Dr Diab on Using the BCI for Recurrence Risk Assessment in HR+ Breast Cancer

“We need to identify every [patient]; understand [their] risk, preference, and risk tolerance; and be able to apply the information to make the right decision for that particular woman.”

Sami Diab, MD, medical director of the Center for Cancer and Blood Research at the Pagosa Springs Medical Center, discussed the clinical significance of precision prognostics and individualized risk assessment for premenopausal patients with early-stage, hormone receptor (HR)–positive, node-negative breast cancer.

Diab emphasized the critical role of the Breast Cancer Index (BCI), a genomic assay, in identifying a specific subset of patients with HR-positive breast cancer with a minimal risk of distant recurrence. He noted that by referring to data from the landmark phase 3 SOFT (NCT00066690) and TEXT (NCT00066703) trials, oncologists can now move away from a one-treatment-fits-all approach toward highly individualized therapeutic strategies.
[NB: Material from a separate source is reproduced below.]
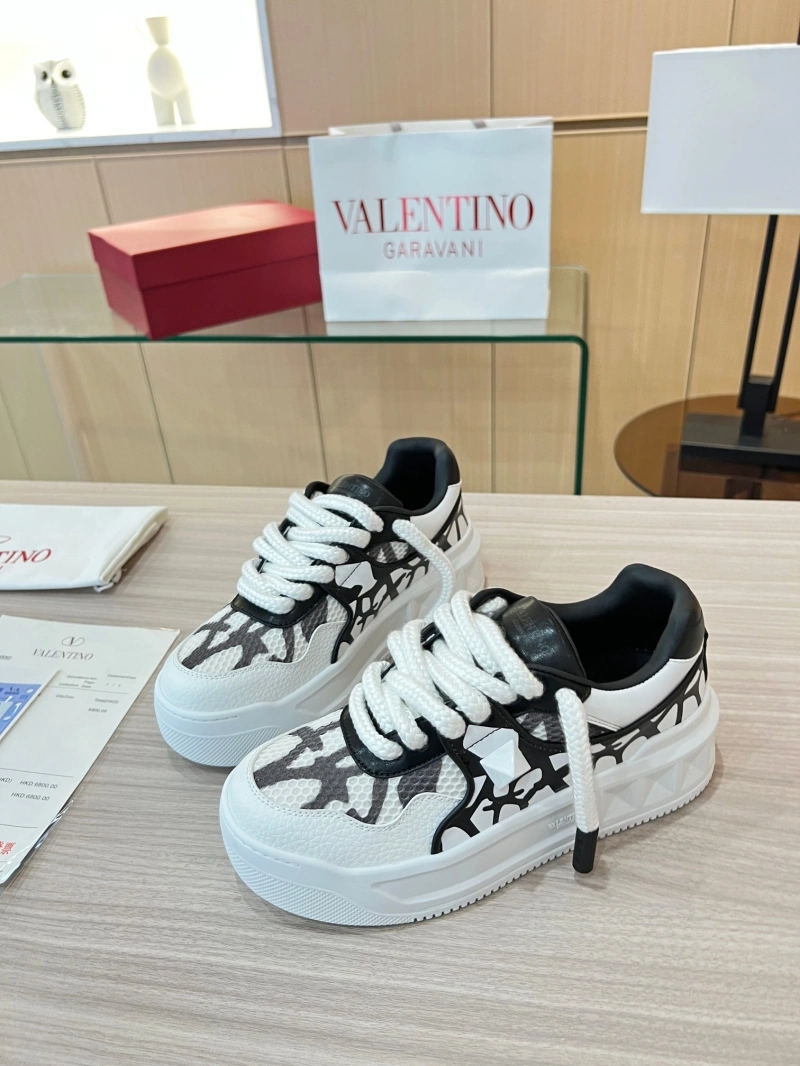 Practical Nxkx Sneakers 200124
Diab pointed out that the BCI model, specifically using a minimal-risk cutpoint of 3.0, allows for the identification of patients with a less than 5% risk of recurrence over a 10-year period. According to research by Diab and colleagues, patients categorized as having minimal risk across various SOFT and TEXT treatment cohorts demonstrated low rates of distant recurrence–free interval (DRFI) at 10 years. In the SOFT trial, the minimal-risk group of all patients had a 10-year DRFI rate of 2.3% (95% CI, 0.9%-6.0%). When broken down by treatment arm, patients who received tamoxifen alone had a 10-year DRFI rate of 3.5% (95% CI, 0.9%-13.3%), whereas those who received ovarian function suppression combined with either exemestane or tamoxifen had a 10-year DRFI rate of 1.7% (95% CI, 0.4%-6.6%). Similarly, the minimal-risk cohort of patients in the TEXT trial had a 10-year DRFI rate of 2.0% (95% CI, 0.7%-6.2%).
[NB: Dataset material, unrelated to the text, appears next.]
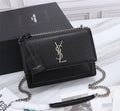 YSL BAGS - WOMEN LOVE LUXURY BAGS - 1789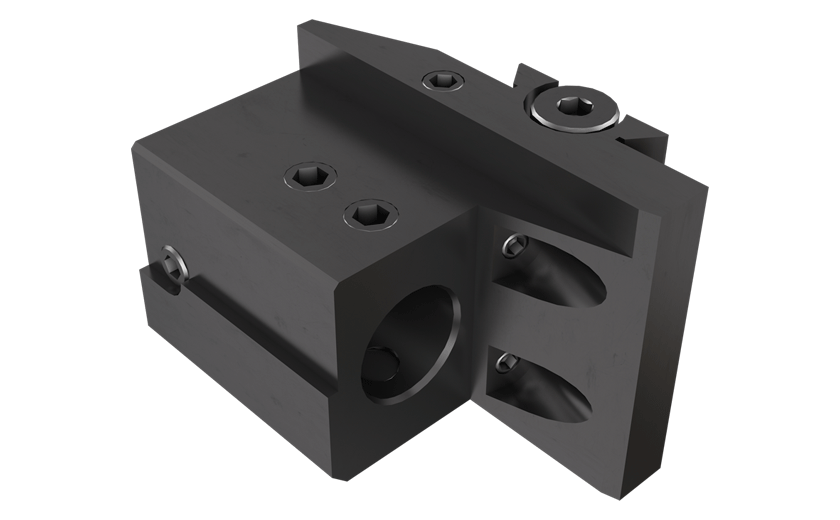 DT30/2 ADR-Z0-20-55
Diab emphasized that having access to such granular, low-risk data adds a vital dimension to the clinical discussions between oncologists and patients. Based on these data, the study investigators reported that for patients identified as being at minimal risk, the perceived benefit of more intensive treatments, such as ovarian function suppression, may be outweighed by the risks and adverse effects associated with the therapies. Consequently, these findings suggest that patients in the minimal-risk category may be appropriate candidates to receive tamoxifen alone, potentially avoiding the added toxicity of ovarian function suppression–containing regimens. Ultimately, Diab stressed the necessity of understanding each patient’s risk profile, personal preferences, and risk tolerance.